I'm trying to solve the following question:
Given an array nums of distinct integers, return all the possible permutations. You can return the answer in any order.
I've implemented a solution using backtracking that prints all the permutations perfectly. However, when I try to append each permutation to a list and store the result, it doesn't work.

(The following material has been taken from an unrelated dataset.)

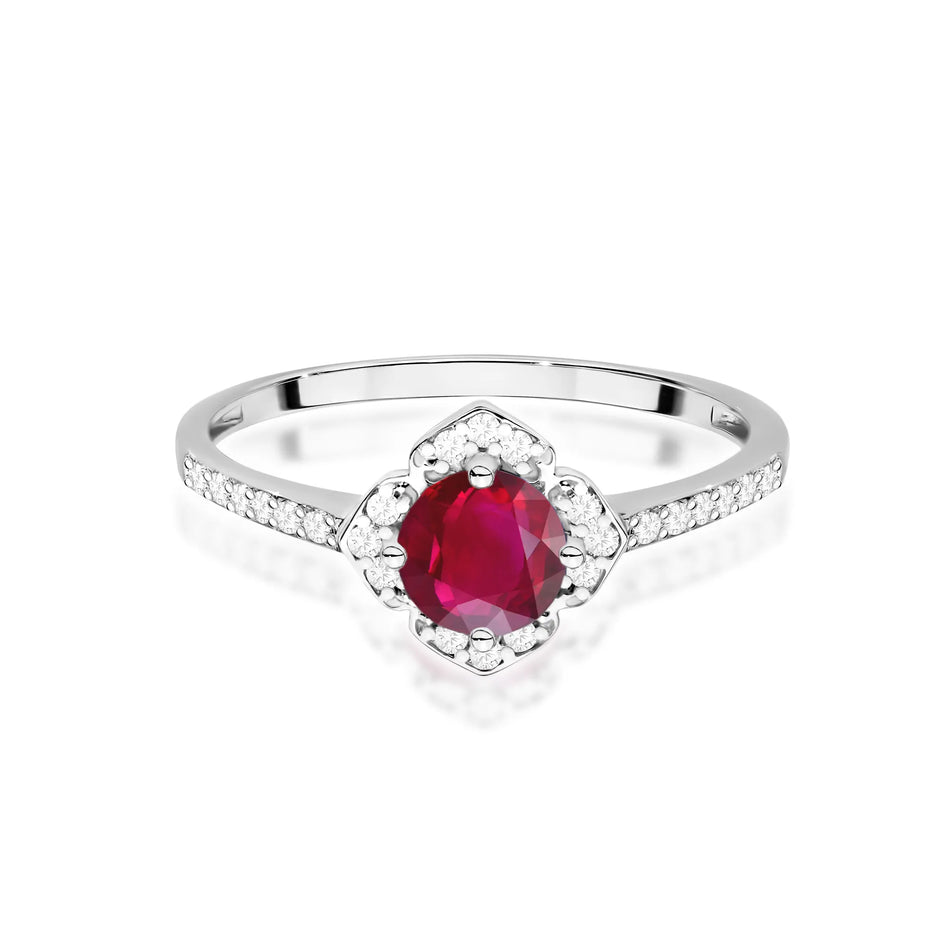 Goldring Blume mit 0,60 ct Rubin und Diamanten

Here is my code in Python:
Function to store all permutations of list:
def myRec(nums, l, r, ans_list):
if(l == r):
#print(nums) (this works perfectly!)
ans_list.append(nums) #this does not
return
for i in range(l, r+1):
nums[i], nums[l] = nums[l], nums[i]
myRec(nums, l+1, r, ans_list)
nums[i], nums[l] = nums[l], nums[i]
Function to return the list of permutations:
def permute(nums: List[int]) -> List[List[int]]:
ans_list = []
myRec(nums, 0, len(nums)-1, ans_list)
return ans_list
However, for some reason when I run this it overwrites all the elements in ans_list with the most recent permutation of nums:
Expected output:
[[1, 2, 3], [1, 3, 2], [2, 1, 3], [2, 3, 1], [3, 2, 1], [3, 1, 2]]
Actual output:
[[1, 2, 3], [1, 2, 3], [1, 2, 3], [1, 2, 3], [1, 2, 3], [1, 2, 3]]
What am I doing wrong?
ans_list.append(nums)
This will just add the reference to the same list over and over again to the answer list. What you want is to capture a snapshot of the list at that point in time. You can do that by making a copy of the list.
def myRec(nums, l, r, ans_list):
if l == r:
ans_list.append(nums.copy()) # add a copy of the list
return
for i in range(l, r + 1):
nums[i], nums[l] = nums[l], nums[i]
myRec(nums, l + 1, r, ans_list)
nums[i], nums[l] = nums[l], nums[i]
Which works as expected:
[[1, 2, 3], [1, 3, 2], [2, 1, 3], [2, 3, 1], [3, 2, 1], [3, 1, 2]]
Note: if you have nested objects in your list, you might need to deepcopy the list instead.